Очень трогательно, ведь правда? Чуть-чуть неясны некоторые подробности. Но совпадения между двумя письмами столь значительны, что, собственно, вроде как и сомневаться не в чем.
Но — следующий конверт. Эта корреспондентка на десять лет старше: год рождения — 1895-й. Что знает об Ульяновке-Ульянке она?
«Я родилась в 1895 году в Автове и меня крестили в Ульянке, т. к. ближе церквей не было. В настоящее время я имею выпись из метрической книги, полученную в 1907 году, где сказано: „Выдана причтом церкви св. Петра-Митрополита, что на Ульянке, С.-Петербургского уезда“. Павловская Анна Азарьевна».
Еще письмо:
"В. «Лен. правде» от 2/III указано, что в плане 15-летней давности район Ульянки назван Ульяновкой.
Разрешите сообщить, что в плане более чем 50-летней давности этот микрорайон (поселок) назван Ульянка.
Это издание носит название: «Карта окрестностей Петрограда.

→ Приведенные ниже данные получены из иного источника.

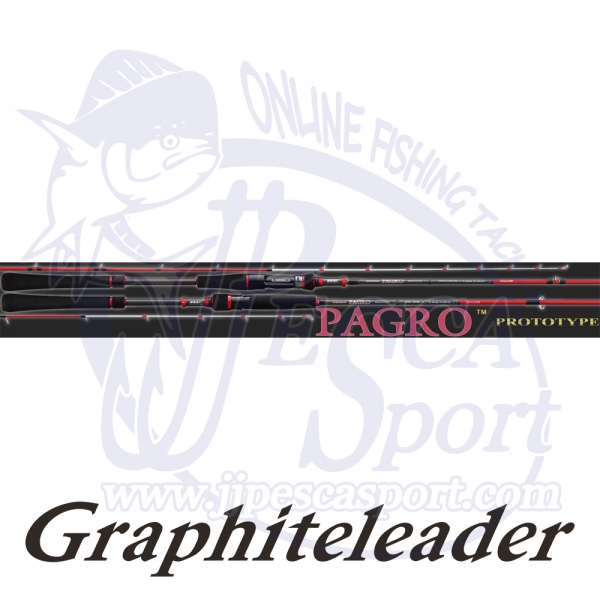 GRAPHITELEADER PAGRO PROTOTYPE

Составлена Ю. Ю. Гашо. Цена 90 копеек. Издание типографии Кюгельгенъ, Гличъ и К€, Екатерингофский проспект, 87, собств. домъ». Год не указан, но по всем признакам это — 1914-1917 годы.
Если после этого не было постановления Ленсовета о переименовании, то название Ульянка — правильнее".

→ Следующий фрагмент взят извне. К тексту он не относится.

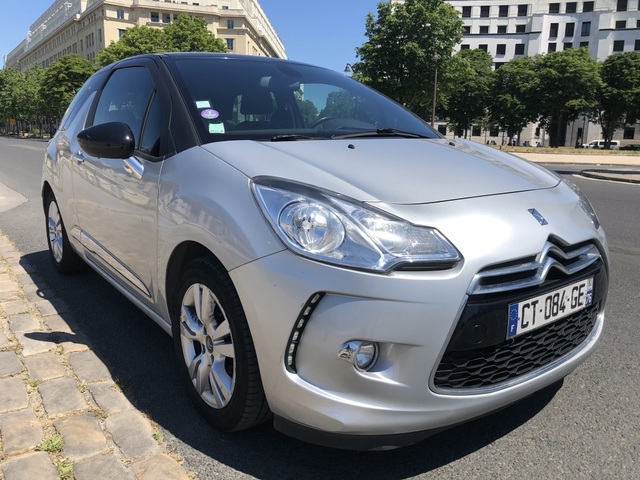 Citroën Citroën DS3 1.6 VTi So Chic BA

Я прямо умилился, столкнувшись с такой бескорыстной заинтересованностью. Человек прочел маленькую газетную реплику и почувствовал в ней какую-то неясность. И счел долгом припомнить, где у него хранятся данные, могущие пролить свет на возникший, по его представлению — очень важный, вопрос. И достал редчайшее издание, и навел справки, и не затруднился написать в редакцию, хотя, судя по письму, прямого отношения к поселку Ульянке он не имел, там не родился и, может быть, не жил. Но — ленинградец! — каждое название ленинградских улиц он ощущает как свою собственность. И ему надо, чтобы с ними обращались бережно, почтительно, вдумчиво, не допуская субъективных домыслов.

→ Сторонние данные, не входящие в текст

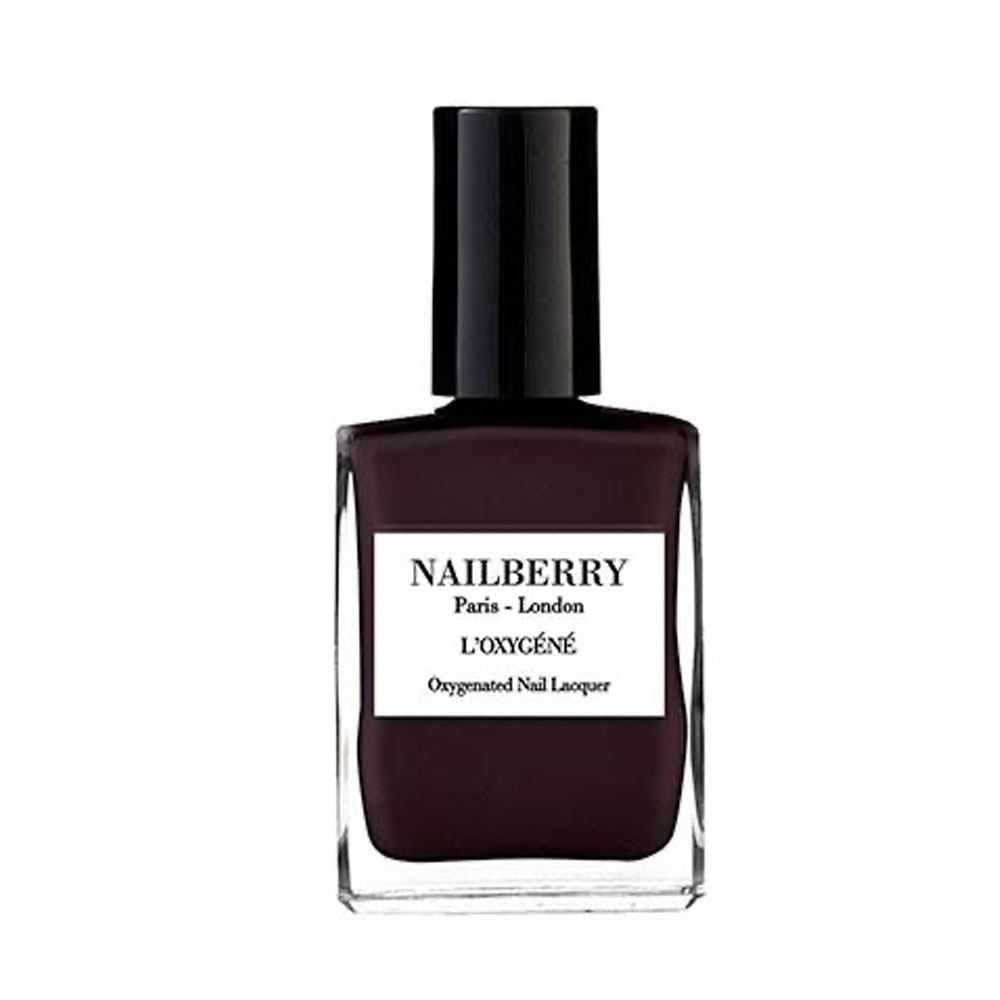 nailberry-hot-coco-nagellack-braun L'Oxygéné Hot Coco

Я уже хотел признать этого товарища — его фамилия Дацвальтер — чемпионом топонимической беззаветной обстоятельности. Но из следующего конверта появилась вещь совершенно исключительная: тщательно, с великой любовью и профессиональной умелостью выполненная на чертежной «восковке» выкопировка из плана «города С.-Петербурга с ближайшими окрестностями». План датирован 1914 годом. Он некогда прилагался к весьма авторитетному справочнику «Весь Петербург».
На нем, чуть западнее поселка Дачное, на Петергофском шоссе, обозначен поселок Ульянка. Два больших водоема-пруда. Церковь… Да, так: «Церк. Св. Петра-Митрополита». И за шоссе — пожарное депо. На плане все совершенно так, как и в памяти первого из моих корреспондентов…
И теперь уже становится бесспорным: не название Ульяновка, якобы более старое, было переделано небрежными и невежественными «проектными работниками» на легкомысленную Ульянку, а, напротив того, из старинного имени Ульянка в силу ошибки — вполне, впрочем, обыкновенной — в одном из документов родилось искаженное «Ульяновка» и пошло затем гулять из плана в план, из отношения в отношение, из статьи в статью… Всюду и везде, только не в устной речи местных жителей! Товарищ И. ошибся: надо не осуждать, а скорее уж поощрять старожилов, крепко стоящих на своей старине. Но и я тоже был не совсем прав в моих рассуждениях: я исходил из теоретических соображений, а надо было обратиться к архивам. И к архивам письменным, и к архиву человеческой памяти: мы только что убедились, как она точна. Надо было начать с вопроса: откуда взялось название? Ответ помог бы установить и верное произношение его.
Ах так? Ну и — откуда же оно взялось?
Все остается загадкой, хотя многие пытаются дать для нее положительный ответ.
«Еще я маленькой слыхала такое, что в том месте проезжал царь Петр. И встретил бабу, и спросил, как ее звать. Она ответила „Ульянка“, с тех пор и зовется то место Ульянкой».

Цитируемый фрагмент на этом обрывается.